Saturday, March 24, 2012

Walking to the beach - 30seconds of observation

Back in St. David's Junior School in Kenya, Mr. Mbao(wood in swahili), our deputy head master once said - "Tisham do you have a photographic memory ?". It did not quite make sense back in year 6. Since then I have heard it repeated a few time. Then I started watching movies (watched Temple Grandin on my flight to Vancouver), reading up on cognition and working in the image processing field. I have come to analyse my own cognitive system and I suppose I am a highly visual person. I convert words into visualisations and concepts become related to reality rather than being strictly tied to language.

It is very difficult to filter from memory all the previous instances of the same object whenever I see a new instance of it. I decided to do the video adventure project yesterday and went on a 10km or so hike to Henley Beach and back. I have travelled on this road numerous times before on a bike when I was living in Mile End back in 2002-03. The previous trips play back in my head like a movie as I walk along the familiar road looking for things to film.

There are several clips, I am fairly sure which one I will put in as a submission (one featuring my shoes, some rocks and water). Still the activities of the arthropods is always interesting. We visit supermarkets like the ants visit a dropped chip, oblivious of where the food actually came from, pay for it with money we think we worked hard for (which in reality other people are working harder for and not getting), and drag it home using the leverage provides by our exoskeletons (read cars). In the ant society only the queen has the rights to reproduce, the sisterhood of working ants are simply born to their fate. After all is said and done, in bee and ant society the workers still retain their queen making rights - yay epigenetics.
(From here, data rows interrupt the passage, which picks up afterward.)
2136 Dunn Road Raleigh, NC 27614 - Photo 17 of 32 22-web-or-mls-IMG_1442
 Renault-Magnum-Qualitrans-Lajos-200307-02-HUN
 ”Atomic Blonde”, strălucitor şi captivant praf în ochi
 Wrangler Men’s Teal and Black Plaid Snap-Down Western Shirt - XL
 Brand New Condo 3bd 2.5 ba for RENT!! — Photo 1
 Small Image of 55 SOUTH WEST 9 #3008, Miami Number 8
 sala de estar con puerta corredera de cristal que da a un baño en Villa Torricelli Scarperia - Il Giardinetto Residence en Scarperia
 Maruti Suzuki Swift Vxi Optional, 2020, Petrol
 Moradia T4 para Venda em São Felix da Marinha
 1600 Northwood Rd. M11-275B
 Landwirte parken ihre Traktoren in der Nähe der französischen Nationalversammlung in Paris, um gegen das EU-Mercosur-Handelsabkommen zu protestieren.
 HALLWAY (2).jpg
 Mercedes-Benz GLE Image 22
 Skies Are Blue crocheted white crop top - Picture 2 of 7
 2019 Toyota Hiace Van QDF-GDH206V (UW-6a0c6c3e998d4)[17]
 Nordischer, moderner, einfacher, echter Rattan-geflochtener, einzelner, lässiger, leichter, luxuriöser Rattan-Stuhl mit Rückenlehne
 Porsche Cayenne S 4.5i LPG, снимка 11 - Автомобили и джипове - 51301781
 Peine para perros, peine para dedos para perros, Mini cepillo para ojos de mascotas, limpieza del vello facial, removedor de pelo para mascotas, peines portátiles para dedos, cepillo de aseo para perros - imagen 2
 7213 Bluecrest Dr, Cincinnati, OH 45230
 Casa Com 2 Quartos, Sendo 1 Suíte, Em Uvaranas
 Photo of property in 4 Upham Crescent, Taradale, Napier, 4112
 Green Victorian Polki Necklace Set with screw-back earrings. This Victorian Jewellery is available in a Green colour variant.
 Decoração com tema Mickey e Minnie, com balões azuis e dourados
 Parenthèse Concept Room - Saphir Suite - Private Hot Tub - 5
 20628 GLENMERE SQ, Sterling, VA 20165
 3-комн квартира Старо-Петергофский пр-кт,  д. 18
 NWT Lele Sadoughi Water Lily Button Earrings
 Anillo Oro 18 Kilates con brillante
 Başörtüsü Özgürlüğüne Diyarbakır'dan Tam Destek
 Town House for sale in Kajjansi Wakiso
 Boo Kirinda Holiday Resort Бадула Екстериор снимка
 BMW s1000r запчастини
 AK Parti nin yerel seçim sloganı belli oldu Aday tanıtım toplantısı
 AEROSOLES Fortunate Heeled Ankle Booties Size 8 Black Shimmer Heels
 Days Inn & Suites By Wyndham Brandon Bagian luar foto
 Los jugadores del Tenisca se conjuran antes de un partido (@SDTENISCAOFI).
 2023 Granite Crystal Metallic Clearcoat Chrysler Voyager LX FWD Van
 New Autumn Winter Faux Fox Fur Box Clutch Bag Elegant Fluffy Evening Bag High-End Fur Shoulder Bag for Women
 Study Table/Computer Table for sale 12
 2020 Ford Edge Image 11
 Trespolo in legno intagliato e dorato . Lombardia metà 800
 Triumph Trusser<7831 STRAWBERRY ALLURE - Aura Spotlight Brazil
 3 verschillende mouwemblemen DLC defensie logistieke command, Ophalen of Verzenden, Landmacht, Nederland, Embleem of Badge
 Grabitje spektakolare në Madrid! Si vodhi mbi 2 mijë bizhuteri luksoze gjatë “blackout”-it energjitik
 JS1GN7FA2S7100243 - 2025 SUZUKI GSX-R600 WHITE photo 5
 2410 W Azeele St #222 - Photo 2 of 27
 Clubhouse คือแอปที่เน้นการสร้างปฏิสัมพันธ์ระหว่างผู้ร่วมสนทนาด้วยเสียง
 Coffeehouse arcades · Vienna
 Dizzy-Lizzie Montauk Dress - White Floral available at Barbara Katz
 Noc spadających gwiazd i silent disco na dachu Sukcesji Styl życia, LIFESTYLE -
A lot of things happen in the universe in 30seconds, it is hard to have a photographic memory of all of it. I seem to live in relative time, the frame rate of my memory increases when my emotions are high and retention is near perfect, with detail I can recall in retrospect which is not obvious at the moment of capture. The key to remembering more of the life I am living seems to be to infuse happiness and sadness into every moment.